Regarding the people paradigm, we have learned that every human being is precious in his or her own right, endowed with enormous, almost infinite potential and capacity. We’ve learned that the pathway to enlarging that capacity is magnifying our present gifts and talents. Then, almost like a flower blooming in the spring, additional gifts and talents are given or opened up to us and our “hardwired” capacities in all four areas are unleashed to lead a balanced, integrated, powerful life. The opposite is also the case. If we neglect our gifts and talents, they like an unused muscle, will atrophy and waste away. The command-and-control Industrial Age software has driven he workplace to believe that the greatest source of wealth lies in capital and equipment, not in people. We have the hardwiered power to rewrite that software, this power inspires us to lead (empower) people, who have the power of choice, and manage things, which do not.

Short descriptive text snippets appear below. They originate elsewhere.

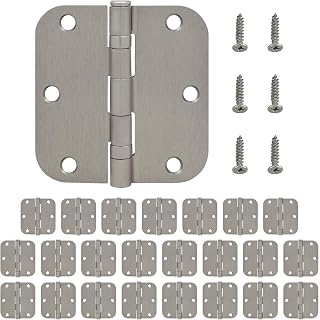 Nuk3y Residential 3 1/2"" x 3 1/2"" Ball Bearing Door Hinge 5/8 Radius (24 Pack, Satin Nickel)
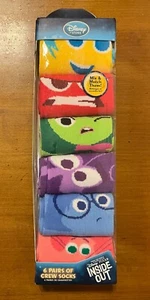 Disney Store INSIDE OUT 6-Pairs Crew Socks Joy Anger Fear Sadness Bing Bong NIB - Picture 1 of 3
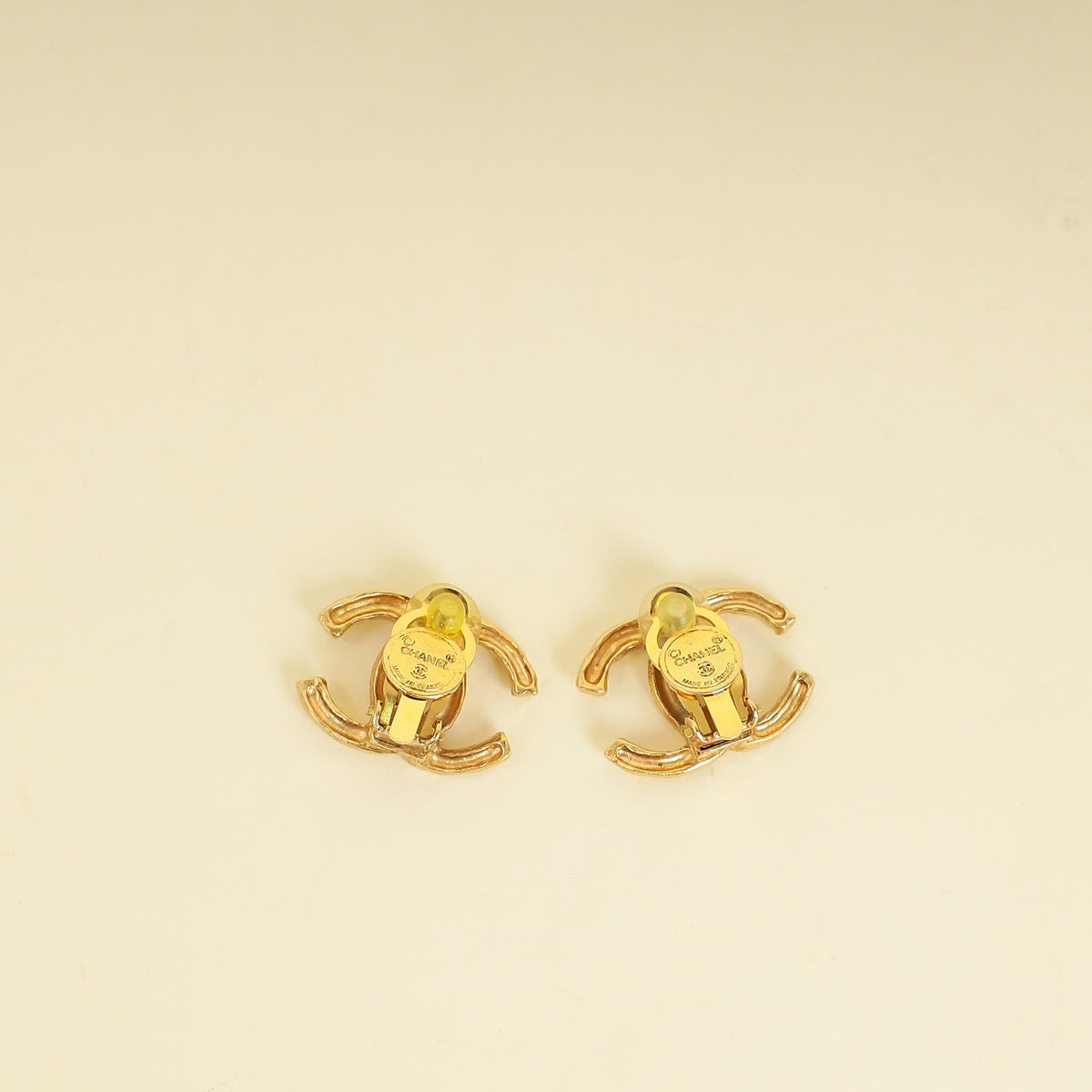Chanel Gold Finish Vintage CC Clip On Earrings-Chanel-THE CLOSET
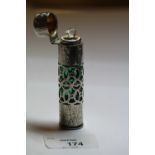 Edward VII pierced silver cylindrical scent bottle by C.E.Williams, Birmingham, 1903, with green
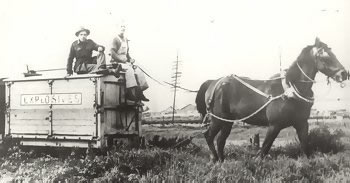 Horse-drawn explosives carrying wagon in the Dry Creek Explosive Magazine in South Australia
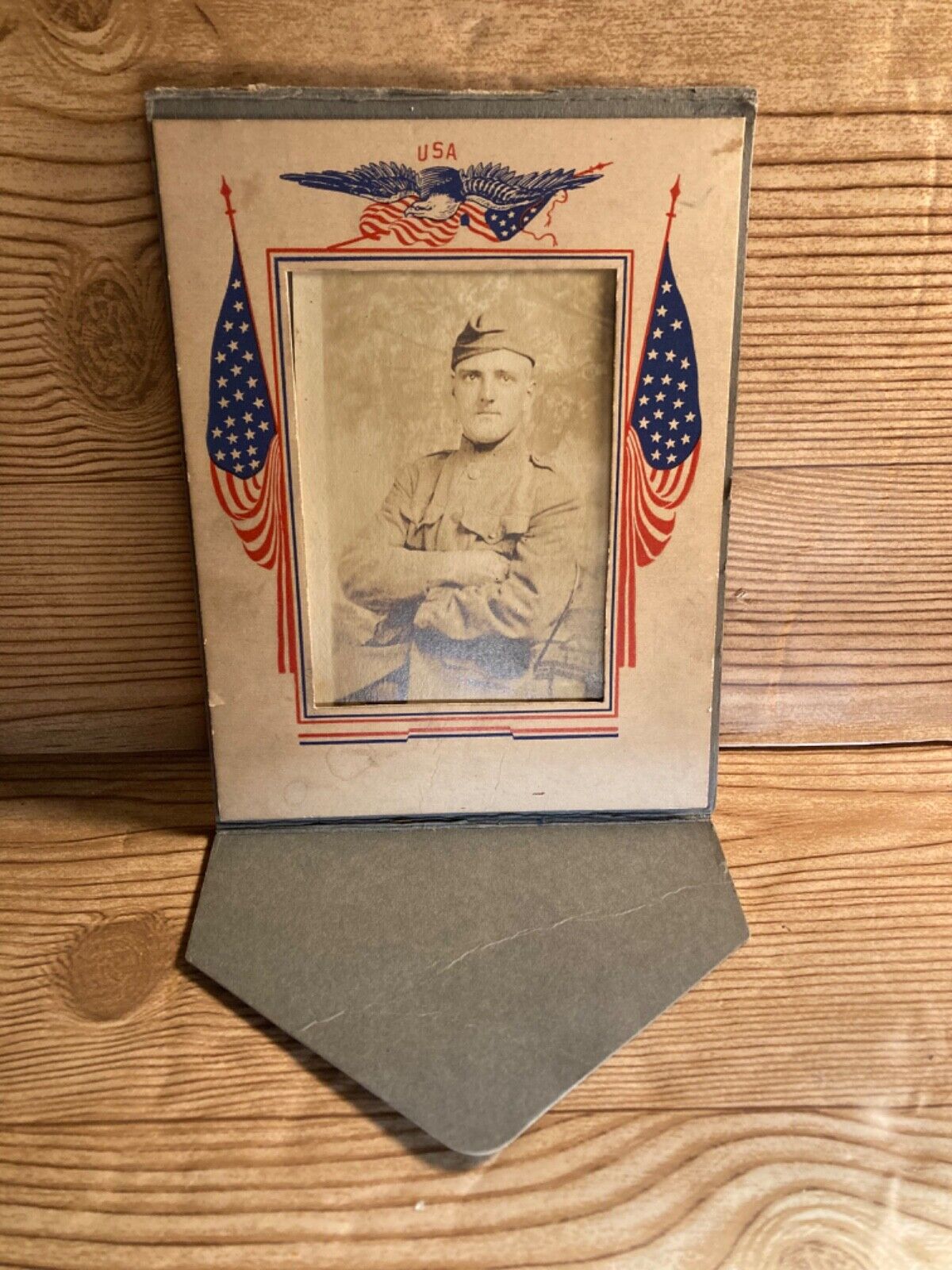 Antique WWI Era Homefront Cardboard Photo Picture Frame With ID Soldier Picture 
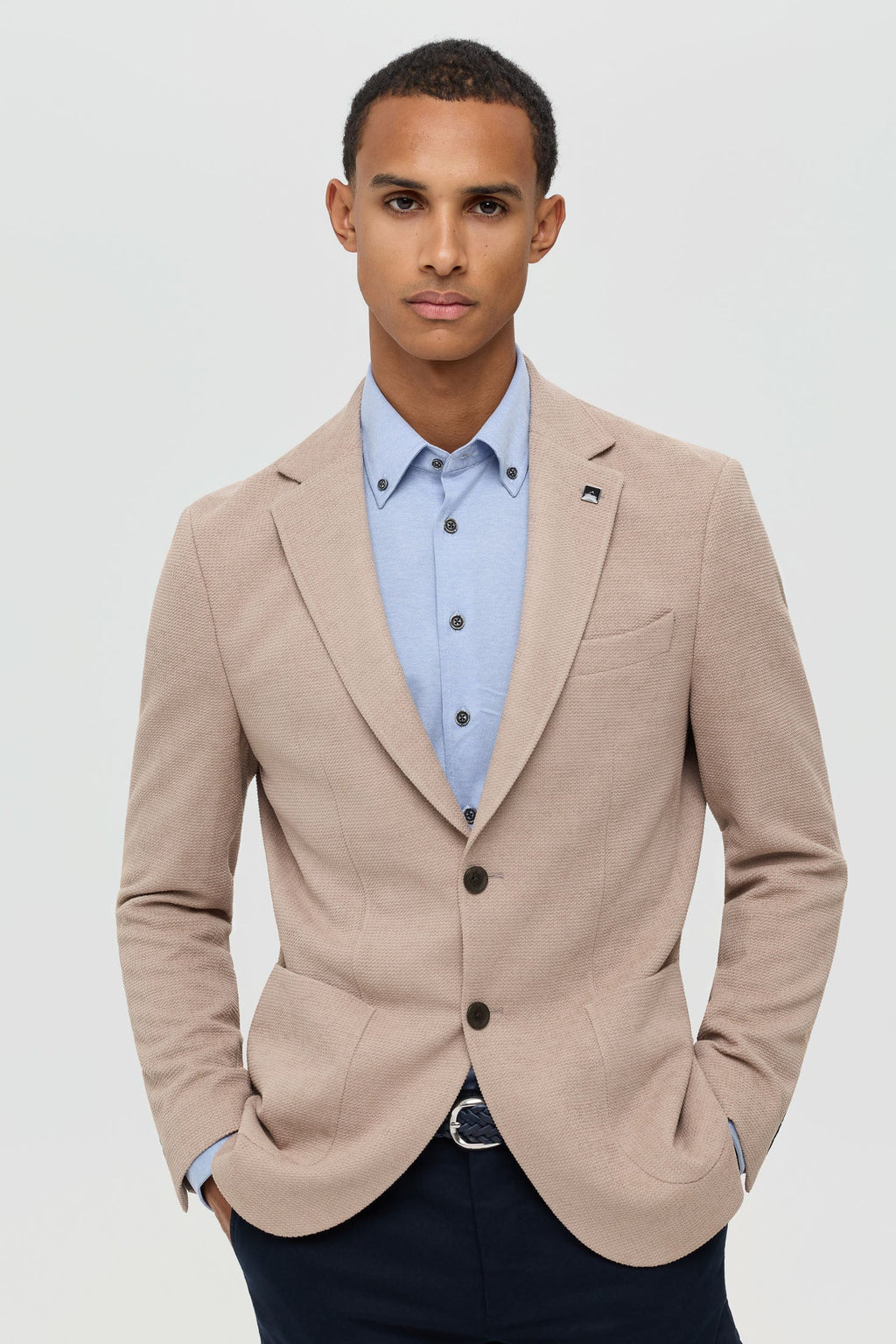 Men’s Premium Knit Blazer – Textured Comfort Stretch | Style 7182-5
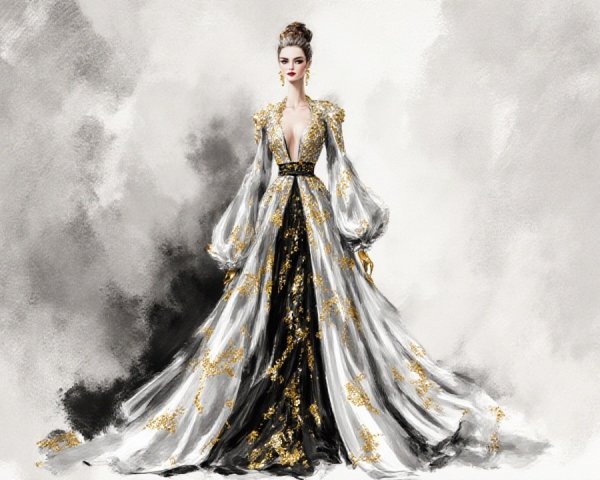 Elegant Black and Silver Gown Fashion Illustration
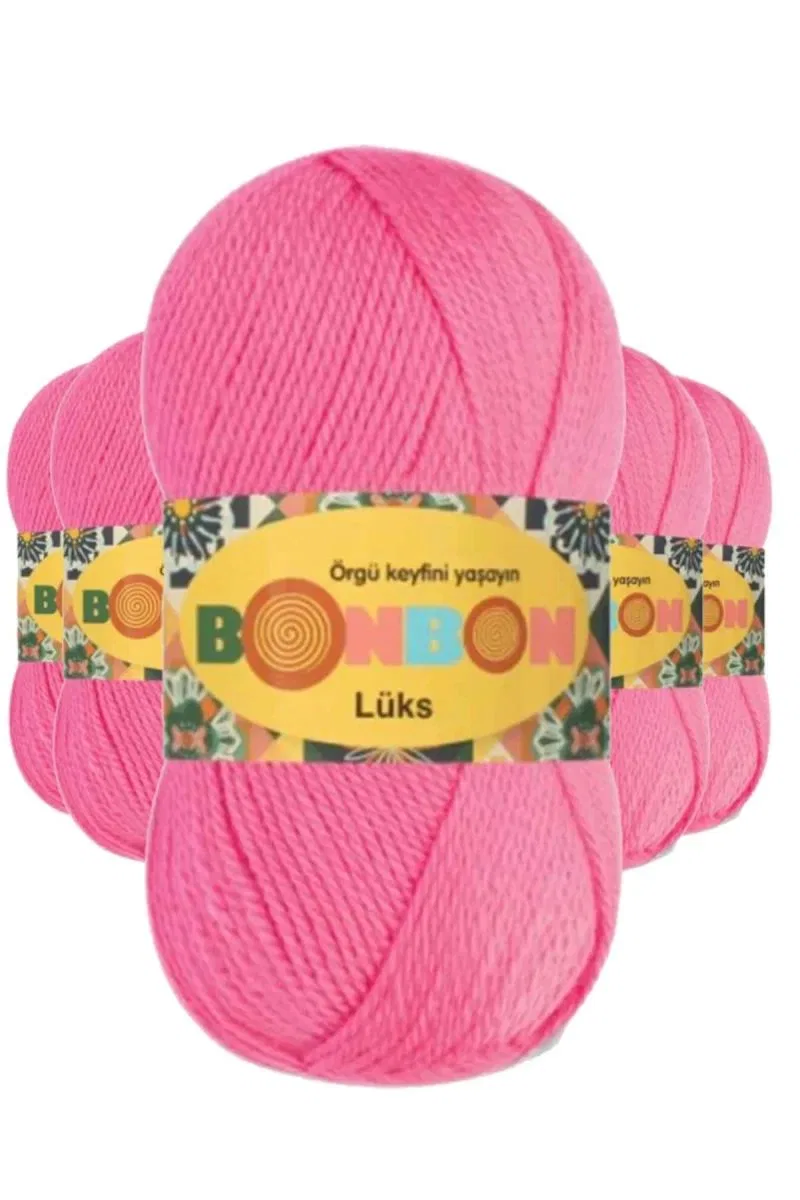 5 Adet Lüks Patik İpi Yünü Pembe 98230 - bonbon mudanis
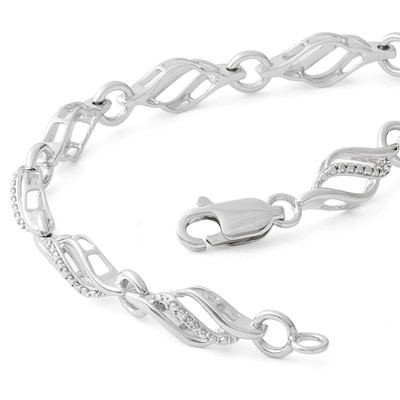 Diamond Accent Flame Link Bracelet in Sterling Silver - 7.5"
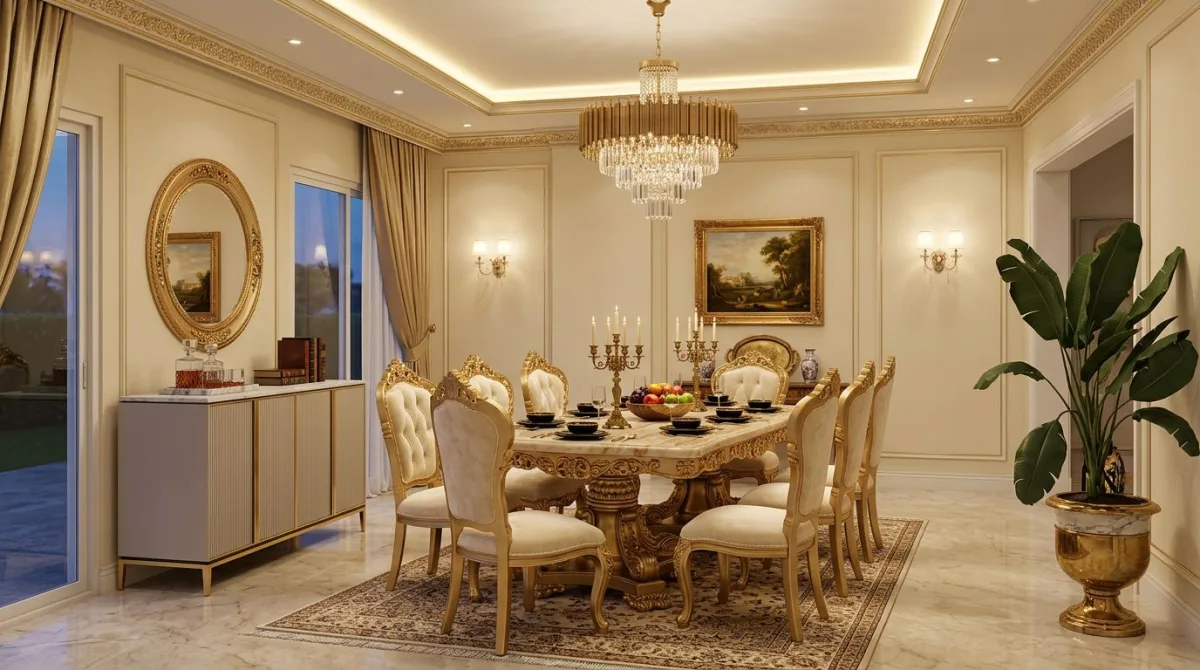 اكتشف سحر الديكور الفاخر لغرفة الطعام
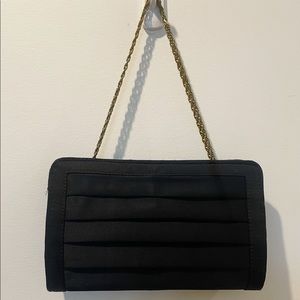 Vintage 50s Magid Black Pleated Rayon Handbag/Clutch with Gold Tone Chain Strap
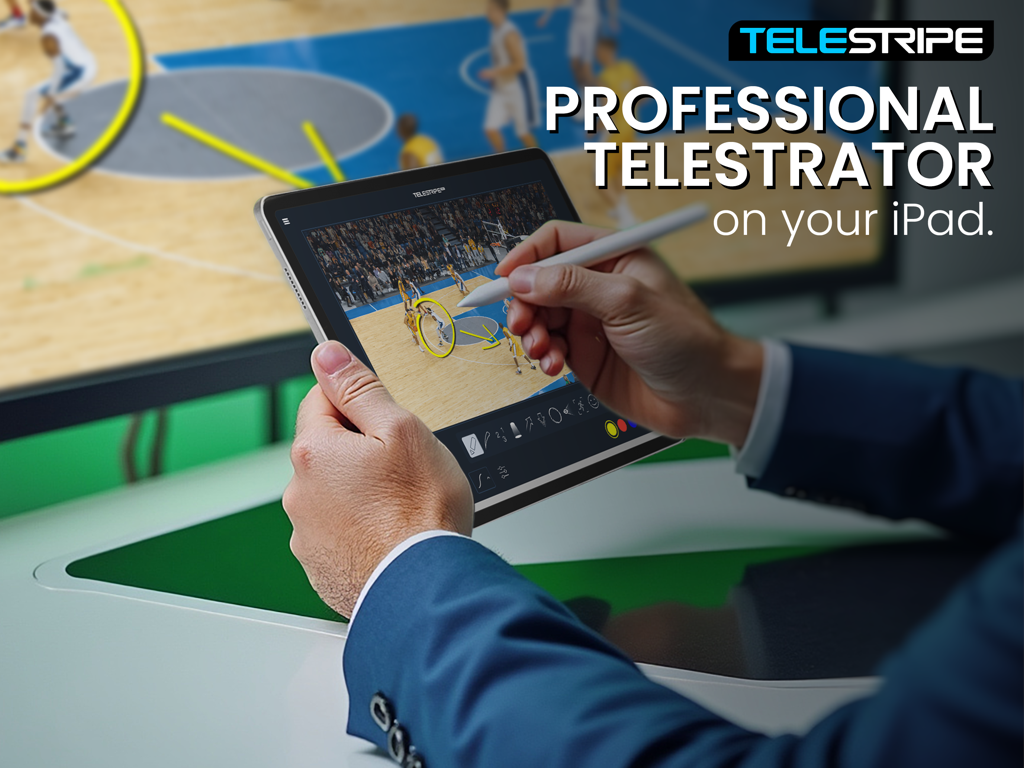 Telestripe - A professional using Telestripe on an iPad with an Apple Pencil to annotate a live basketball game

The developmental process paradigm answers the “how” and “when” questions and teach us to conquer ourselves first by subordinating what we want now for what we want later. The process is increasingly exciting because it is increasingly powerful in expanding our choices and capacities. If we follow principles (symbolized by a compass) that always point north, we gradually develop moral authority; people trust us, and if we truly respect them, see their worth and potential, and involve them, we can come to share a common vision. If, through our moral authority (primary greatness), we earn formal authority, or position (secondary greatness), we can together institutionalize these principles so that body and spirit are being constantly nourished, leading to unbelievable kinds of freedom and power to expand and deepen our service. In short, the kind of leadership that inspires followership comes only when we put service above self.
Organizations, both private and public, learn that they are only sustainable when they serve human needs. Again, service above self. This is the true DNA of success. It is not about, “What’s in it for me,” but about “ What can I contribute?’